This Article Features Photo Zoom

Mark Poletti's (mpoletti) 180 US-gallon Lee Mar Reef Aquarium






Before I get started, I would like to thank my wife Amanda, my daughter Emma, Reef Central and the online community for allowing me to share what has been my dedication to the ups and downs of the hobby that we all share a passion for; again.

There are so many beautiful tanks around the world and each system is its own TOTM on different merits. Those unique qualities have inspired me time and time again over the years. The constant struggle of the ups and downs, the self-inflicted disasters, and the hours of mental preparation that go along with this hobby is what makes the small triumphs worth it.

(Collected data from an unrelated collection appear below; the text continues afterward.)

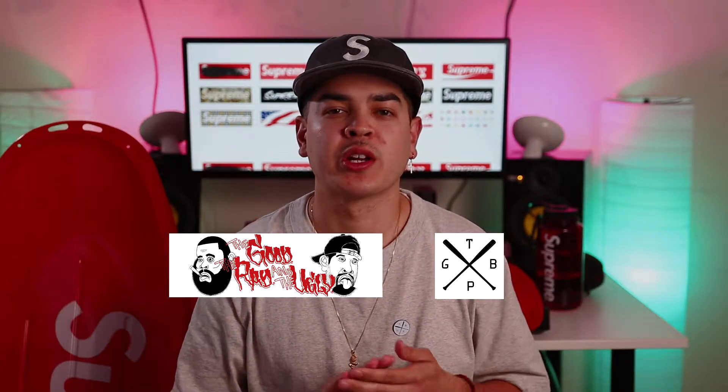Welcome to Shoot Your Shot TV. My name is Paul. We're back with a brand new episode for you guys today. But before we get into that, just want to give a quick shout out to our affiliates, Good Rad Ugly and the Game Ball Podcast. We're going to drop their links in the description below, so make sure you give them a follow. Also want to shout out our parent company, Shoot Your Shot Wreckers. Now let's get into it.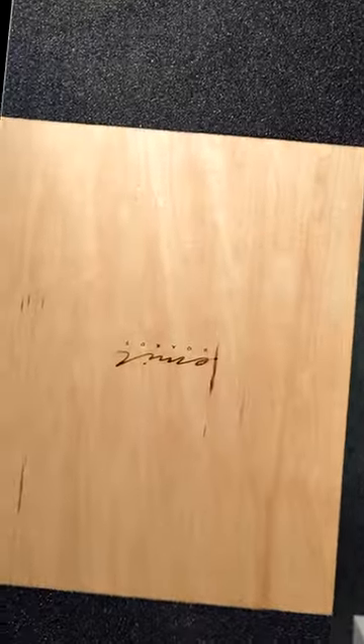Then we have an Emil board. The Trekker trucks are unlike everything I've seen. This board is turny and fun to ride.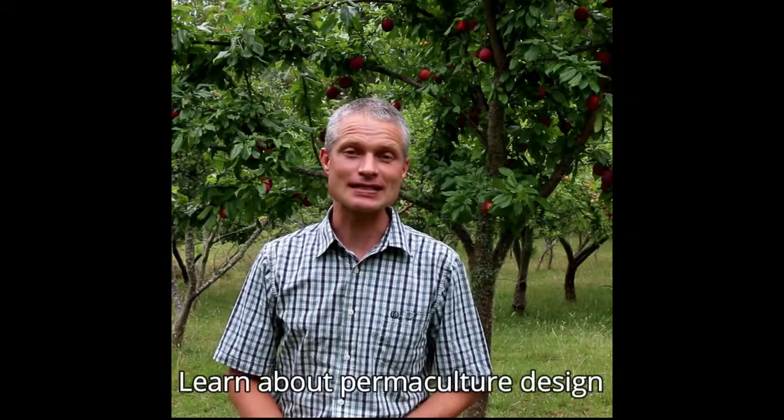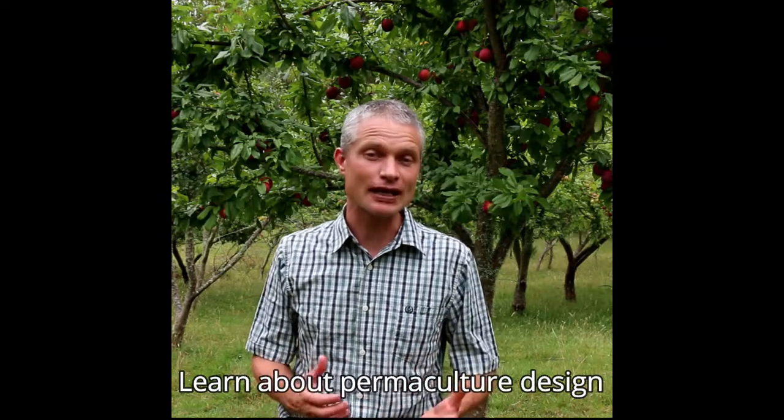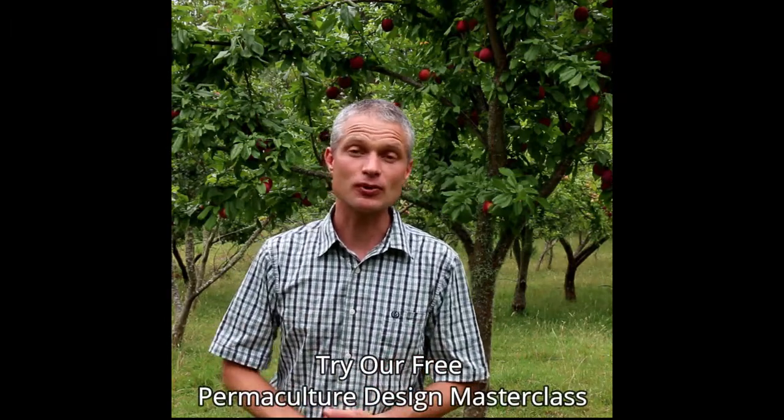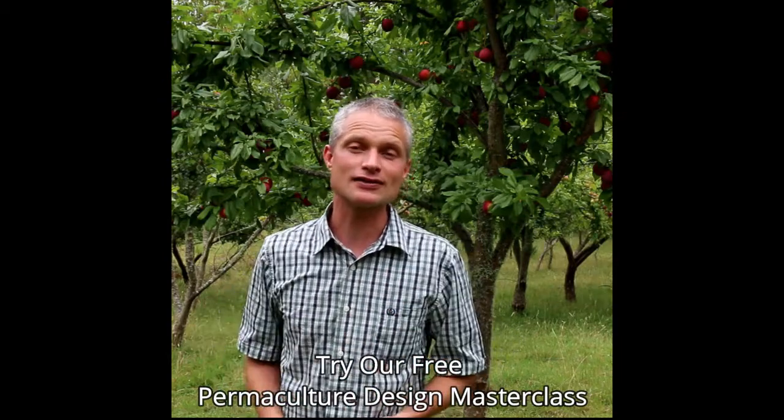Welcome to the Permaculture Design Masterclass. This series of video lectures and e-books is an accumulation of my 15 years of research and teaching within sustainable agriculture. This course acts as an introduction to permaculture design, and each module builds upon the other to create a holistic understanding of applying permaculture design to creating a regenerative farm system.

The marine hobby has always fascinated me, from my early years of visiting the fish stores with my grandmother, to my latest tank. My name is Mark Poletti and I live in Sacramento, California. The reefkeeping community in Northern California has evolved over the years, but it still home to some of the most talented reefkeepers I know. I have met many great people because of this hobby and some may not have a tank today, but they are still part of my life. I’ve always been grateful to live where I do as our access to beautiful livestock continues to amaze me. Without close friends who share our similar passion, this hobby would not be what it is.

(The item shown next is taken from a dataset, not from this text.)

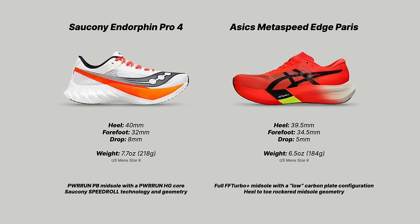In the Asics Metaspeed Edge Paris, we have 39.5mm of foam in the heel, 34.5mm in the forefoot, giving a 5mm drop — and I will say that 5mm drop is noticeable. The weight of the Edge Paris is 6.5 ounces or 184 grams, which makes it one of, if not the most, lightweight shoe in this super shoe class.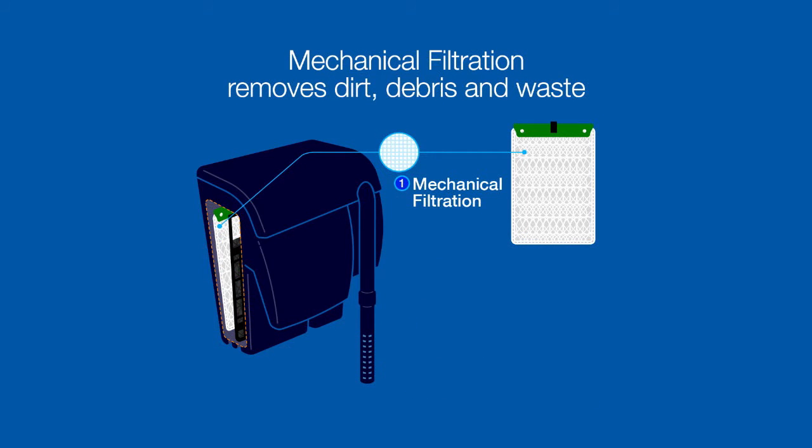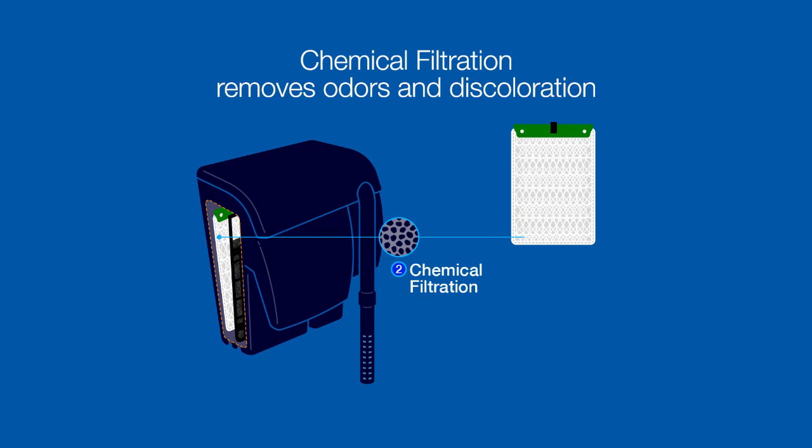Mechanical filtration removes any type of dirt, debris, and waste floating in your water, like uneaten food. Chemical filtration removes dissolved waste, such as decaying tissue and tap water that cause odor and discoloration.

My passion for what lives under the water’s surface has always been there, but my incurable disease manifested to where I am now when my wife and I honeymooned in Bora Bora. With my first dive under the water, I knew I was going to be setting up another tank. Through a series of different tanks, all having some failures and successes, I started making plans for my current tank, applying the knowledge and experience from my previous projects.

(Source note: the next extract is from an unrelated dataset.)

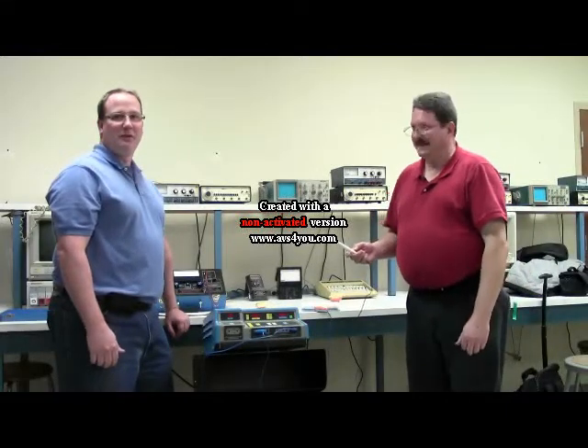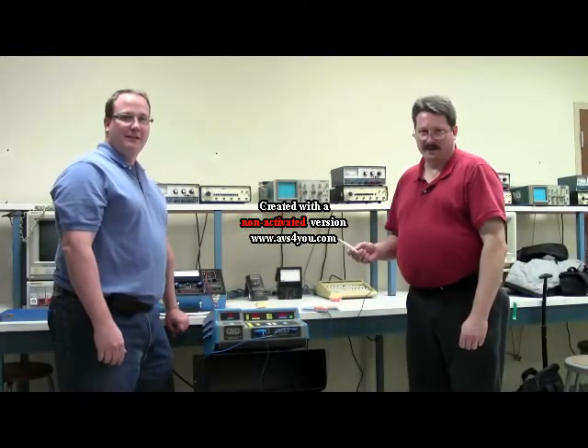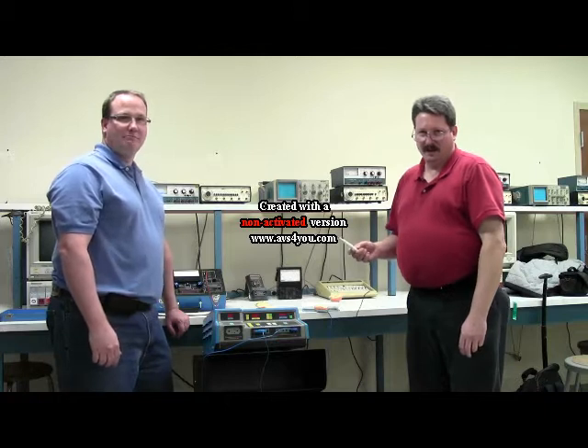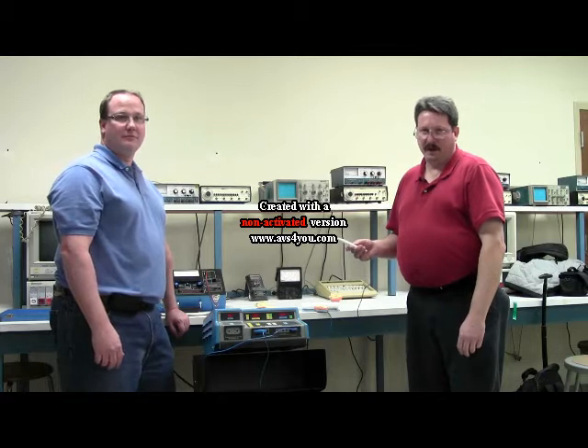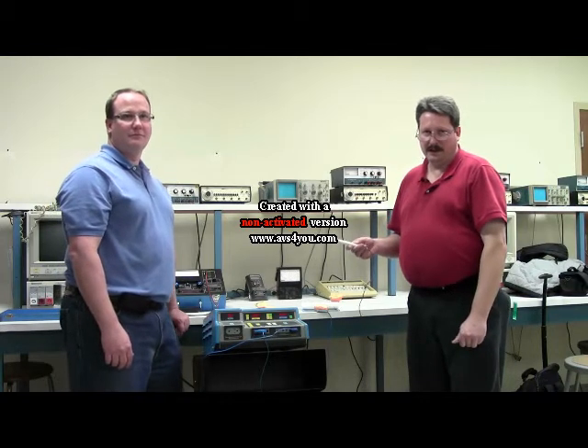My name is Darren Bogan. I'm Ted Colby. And we're Cincinnati State students doing a final project for Steve Gelton's Biomedical Instrumentation 3 class.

That was then. This is now.

As I mentioned above, there are many amazing systems in this hobby. With all of the technological advances, the only limit to a system nowadays is how much money a person wants to put into the tank and how much creativity and effort they are willing to explore. Many people discuss how the most enjoyable times in the hobby are revolved around setting up a new system. I completely agree. Unfortunately, my tank is five years old.

This dilemma has played mental tug a war with me since my tank crash about 3.5 years ago. Shortly after the prior TOTM, my tank went through a series of unfortunate circumstances. From my own boredom, to a faulty kh kit, to an unnoticed empty co2 tank, to more human error, to even more human error, I made the decision to start my tank completely over. What I found out the hard way, is that when a mature system is used to a particular style or manner of consistency, it might be better to keep trudging that path rather than changing too many things in a short period of time.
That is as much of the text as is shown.